The voice of Thunderpussy pulls back the curtain on the Seattle-filmed sci-fi musical, which screens at the Northwest Film Forum this weekend.
Molly Sides is best known as the larger-than-life lead singer of iconic Seattle rock group Thunderpussy. In Danger Diva she plays the even larger Devi Danger—a rock singer whose cybernetically enhanced talents make her an unwitting tool for some real evil tech billionaire types. The sci-fi musical—directed by Robert McGinley (Shredder Orpheus, Jimmy Zip) and shot entirely in Seattle—begins a new October theatrical run at Grand Illusion Cinema. But first, Northwest Film Forum hosts a special screening of the film followed by the premiere of Thunderpussy Live at the Egyptian.
A life-long performer, Sides chats about the challenges in making a feature-length versus performing on stage with her band, and the ways she’s definitely not like her Danger Divacharacter.
Was it weird watching yourself play someone else when the film premiered back in April?
Yes, very. We did a special event at the Egyptian and Thunderpussy played afterwards. But I was like, “I don’t think I can watch this.” I hadn’t seen it before. So for the event I thought I’d just sneak in before we had to play. But everyone said I had to watch it. My mom was there. The whole event felt so warm. So after I few moments I was like okay, this is fun. It’s a fun event. Everyone who was a part of the film was so awesome.
Did it take much convincing for you to do a feature-length?
At the time I was interested in a new challenge. I grew up doing musical theater, and I’d always wanted to be in a film. I’ve done little commercials here and there. I’ve done a lot more choreographing and staging for music videos and commercials because I love being able to frame things. But I really did want to be in a feature-length. I miss acting, kind of disappearing into the different character cloak.
In what ways is performing with a cast and crew different than getting up on stage and performing with your band?
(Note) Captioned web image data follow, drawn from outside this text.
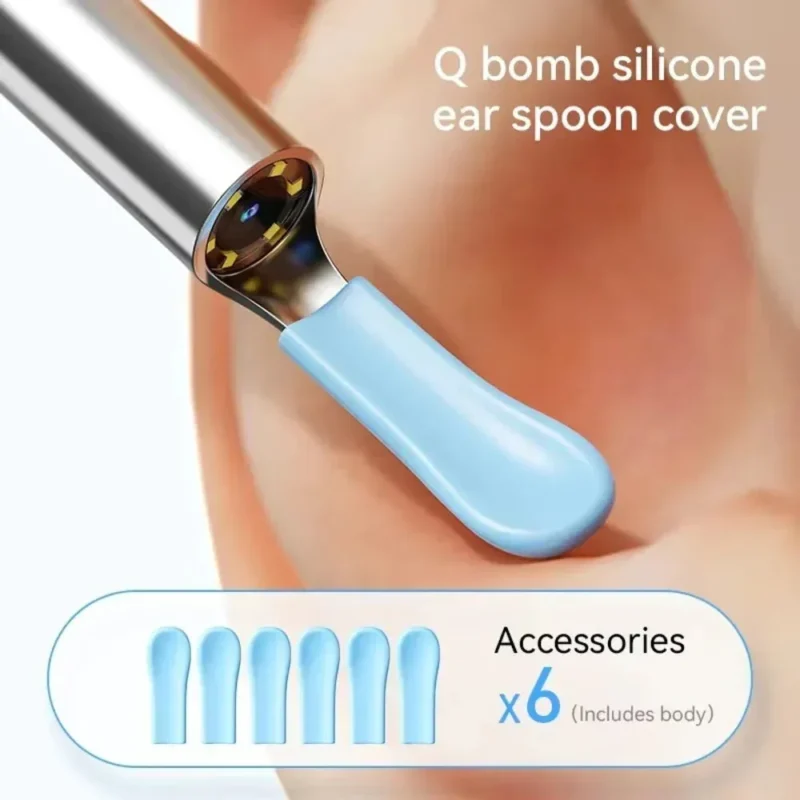 Smart Wireless Ear Cleaner with 1080P HD Camera | Fast Delivery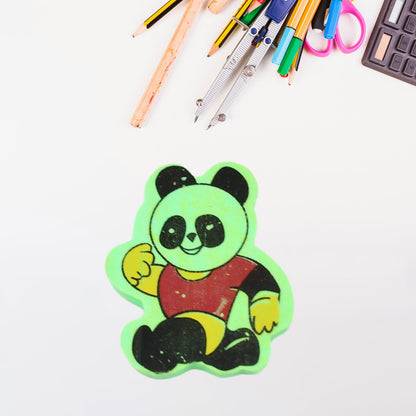 Cartoon Design Eraser (4 Pc / Mix Design)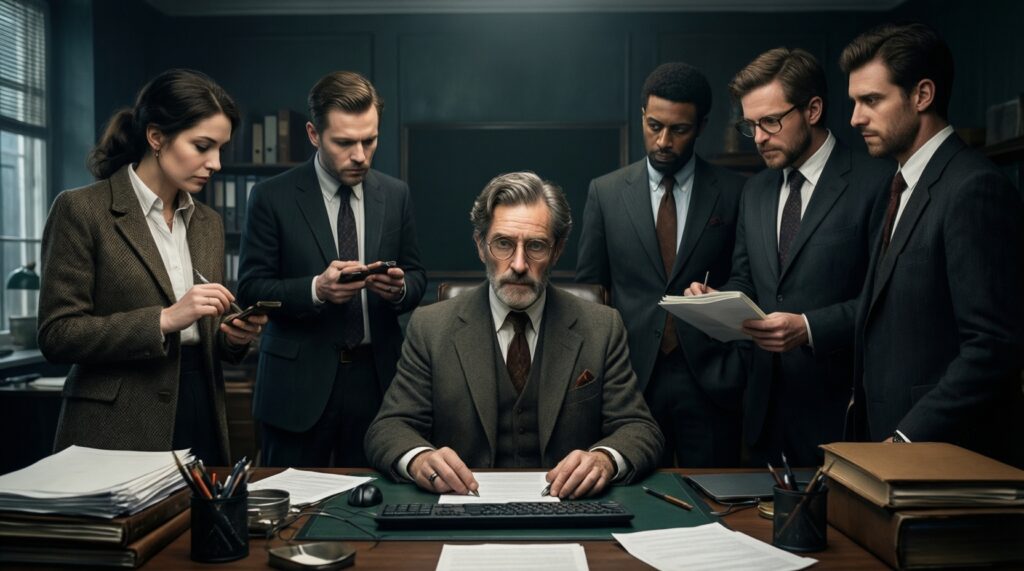 Самые реалистичные методы расследования в сериалах: где правда, а где миф - иллюстрация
No matter when you share something, you’re giving a part of yourself. I feel like that every time I go on stage, it’s a different day, I have a different emotion. With the film, I really was embodying the intensity of Devi every day. On stage when we perform as Thunderpussy every night is so different because of the crowd. You’re playing off of so many elements.
Sounds like it could be draining to step into such an intense character every day.
It was fun, even with the pure exhaustion of 12, 14, 16 hour shooting days. It would have been a different story with a different crew, if the crew was shitty or unhappy. But every day, people were in it together. Robert was so excited. I didn’t want to let anyone down.
Are there ways in which you’re specifically not like Devi?
Definitely. Devi is always feisty and really stubborn. She’s constantly trying to stimulate herself. I’m trying to find ways not to do that. I’m not always an extrovert. But there were definitely days during shooting when I was just like “Oh there’s Molly.” We shot pretty much every day for the month of August, so I really didn’t feel much divide. I’d go home, take a really long shower to get all the dried blood off my body. Then I’d go to bed, wake up, do it again.
You covered in blood notwithstanding, any life imitates art moments?
Well, the love interest in the band is the drummer. And at that time we didn’t have a drummer. And we were playing with different drummers to see who vibes the best with us. So it was kind of perfect timing and strange that we shot the movie during that time too.
Was it fun shooting around Seattle?
It was really fun shooting around Seattle. Especially the SoDo area. The cast and the crew were Seattle. That was the coolest part about this project. Seeing the production team, the art team, the actors, the dancers, everybody. All Seattle. When all these people can come together it’s an explosion. It was great to see Seattle in a different light. And also through the lens of Robert, who filmed his first movie here in the ’80s. What a gift! People stay and are still creating in this city.
Any secret plans to hang up the mic and act full time?
My priority is definitely the band. That’s important to me. They’re my family. With that said, if I can make movies and make music and tour and shoot the same, that would be a dream come true.